Fifty-three thousand hectares of degraded lands in the Sahara zone of Africa have been reclaimed, under the Great Green Wall (GGW) Initiative of the African Union.

The move is to boost agricultural production on the African continent in the phase of climate change.


Ms Nora Berrahmouni, Senior Regional Forestry Officer at the Food and Agricultural Organisation (FAO) Regional Office for Africa disclosed this to the Ghanaian Times here at the opening of a four-day training workshop on, “Scaling-Up Resilience in Africa’s GGW Initiative.”


It was organised by the FAO in collaboration with the Forestry Research Institute of Ghana of the Council for Scientific and Industrial Research (CSIR-FORIG), the host.

Sixty-four delegates made up of research scientists from 14 African countries are attending the workshop to build capacity toward food security, in spite of climate change effects.

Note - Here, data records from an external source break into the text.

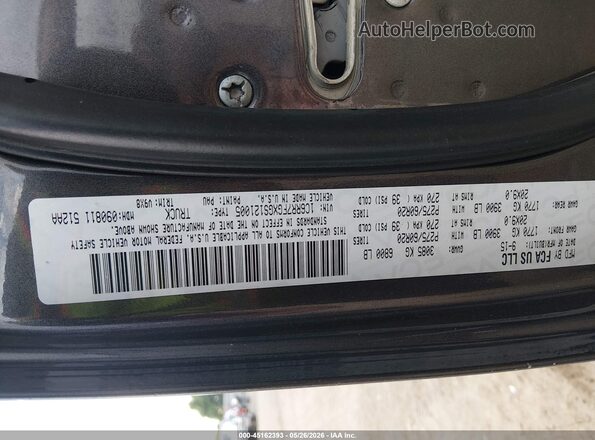 1C6RR7FGXGS121005 2016 RAM 1500 Gray Vista del compartimento del motor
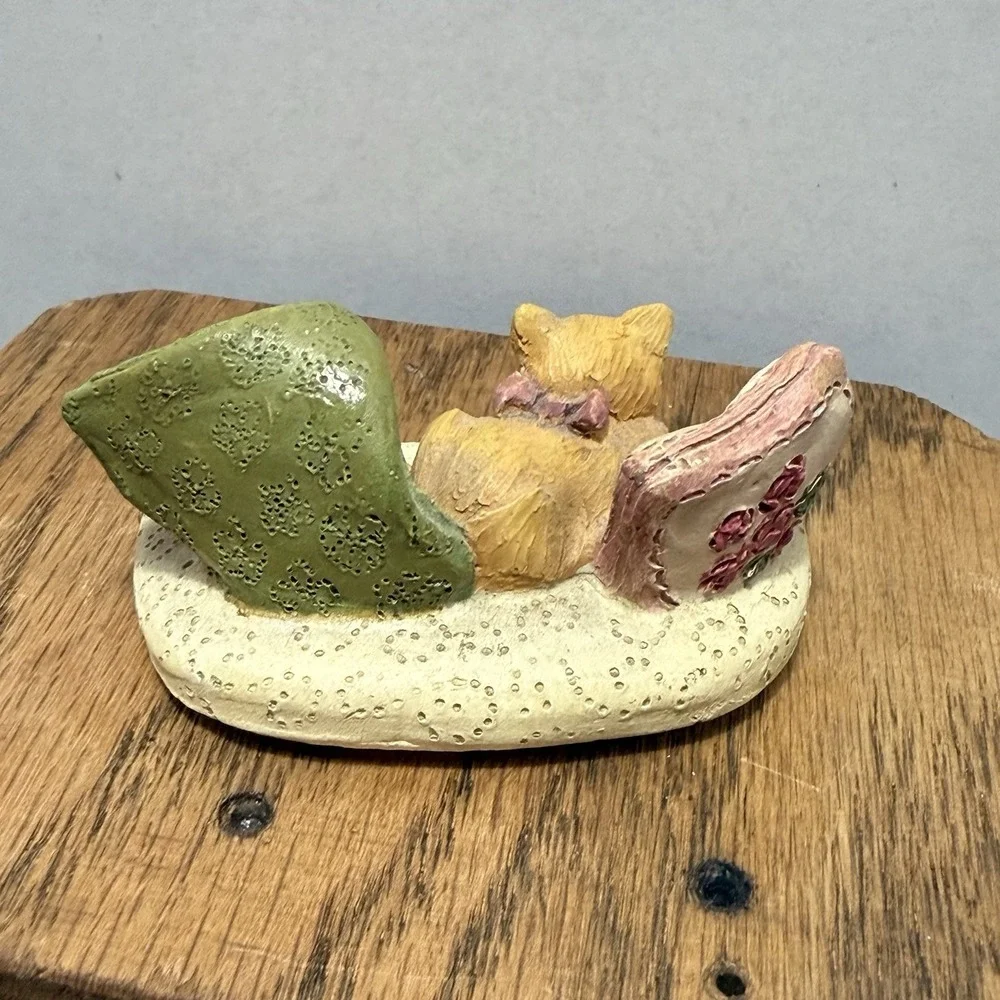 Cat/kitten  Figure Trinket‎ Adorable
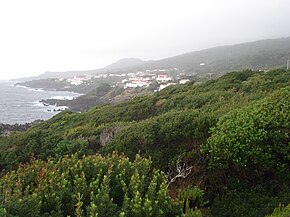 Costa da região de São Caetano, mostrando áreas desabitadas da Terra de Pão, com a freguesia de São Caetano ao fundo.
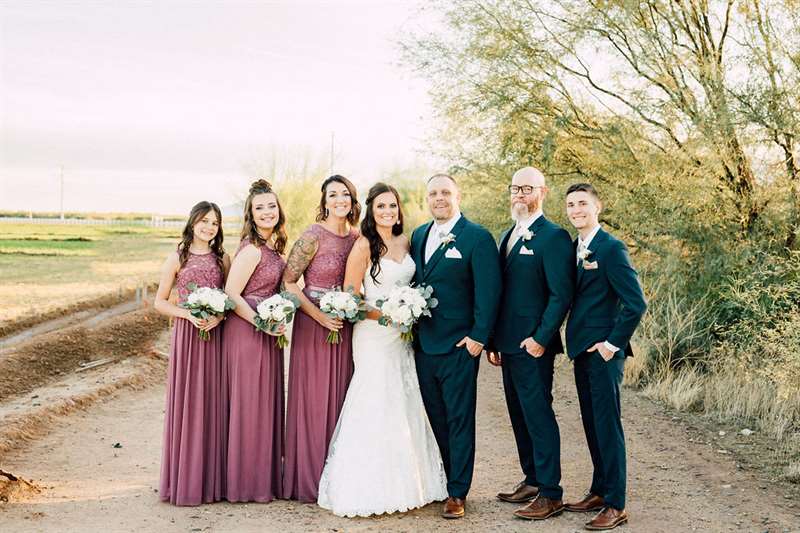 Bride and groom pose with their bridesmaids and groomsmen.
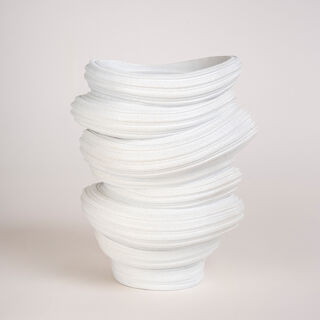 Off white resin ribbed vase 26.7*24.5*32.6 cm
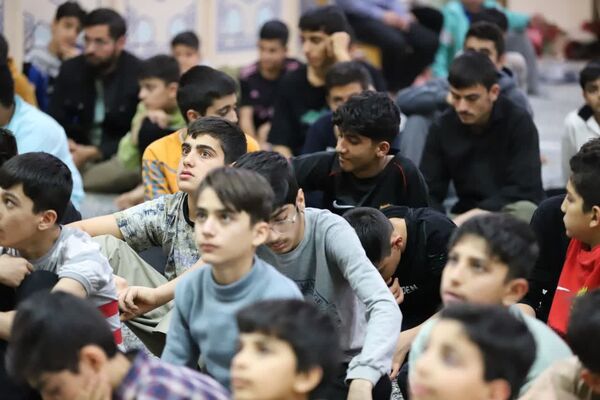 همراهی مسئولین با دانش‌آموزان معتکف شهر مهستان
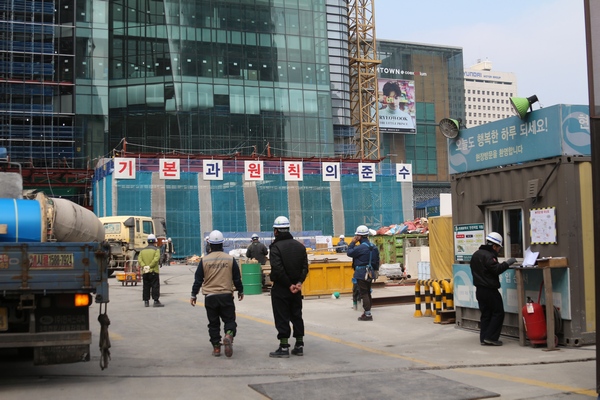 앞으로 대체인력이 필요한 상시근로자 20인 미만 사업장이 대체인력을 쉽게 구할 수 있게됐다. 사진은 서울 삼성동 파르나스타워 공사 현장. 정수남 기자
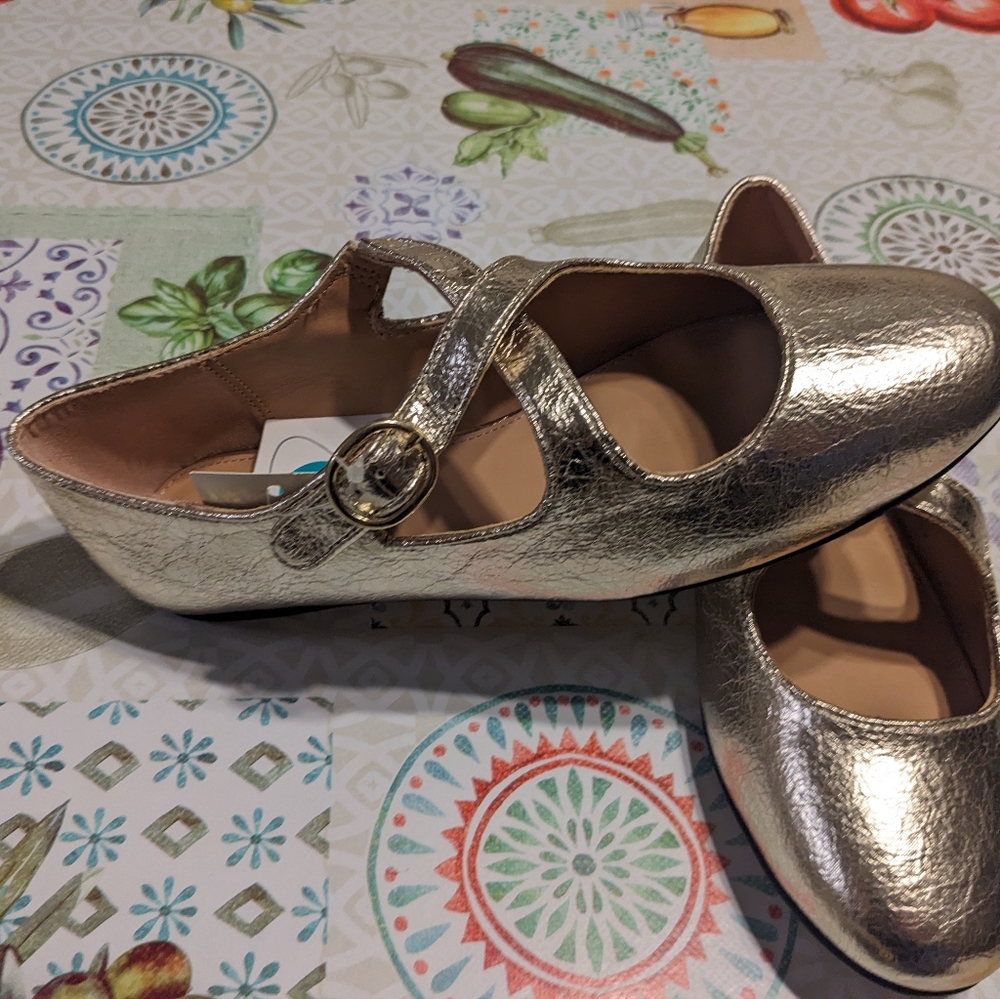 a new day Metallic Cross-Strap Flats - Picture 2 of 6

The GGW is Africa’s flagship initiative to combat the effects of climatic change and desertification, to transform the lives of millions of people in Africa. It is a partnership that supports communities working towards sustainable management and use of forests, rangelands and other natural resources, toward food security.

Ms Berrahmouni said the FAO was supporting the African Union Commission, the Pan African Agency of the GGW, and six countries in preparing a Green Climate Fund Project to scale up climate actions for the implementation of the African Union GGW initiative to enhance food production.


According to Ms Berrahmouni, the FAO was poised to help communities mitigate and adapt to climate change, as well as improve food security.


She noted that as a programming tool for rural development, the overall goal of the partnership was to strengthen regional resilience and natural systems with sound ecosystem management, protection of rural heritage, and improved living conditions.


She mentioned that the FAO was providing funding to CSIR-FORIG to work together to enable the latter bring on board experience on the establishment of rural resource centres for production and distribution of good germplasm and its associated challenges.


Ms Berrahmouni said with the experience of CSIR-FORIG hosting a national seed centre, they would be in a position to collect, process, store and distribute for planting both nationally and internationally.


Director of the CSIR-FORIG, Prof. Daniel A. Ofori was full of joy that Ghana was supporting the initiative “due to our expertise in landscape restoration, our ability to mobilise germplasm, seeds and seedlings, establishment of nursery and production of quality germplasm”.


He said the Savannah zone of Ghana had a number of tree species and non -traditional forestry products that could be mobilised to support the GGW project.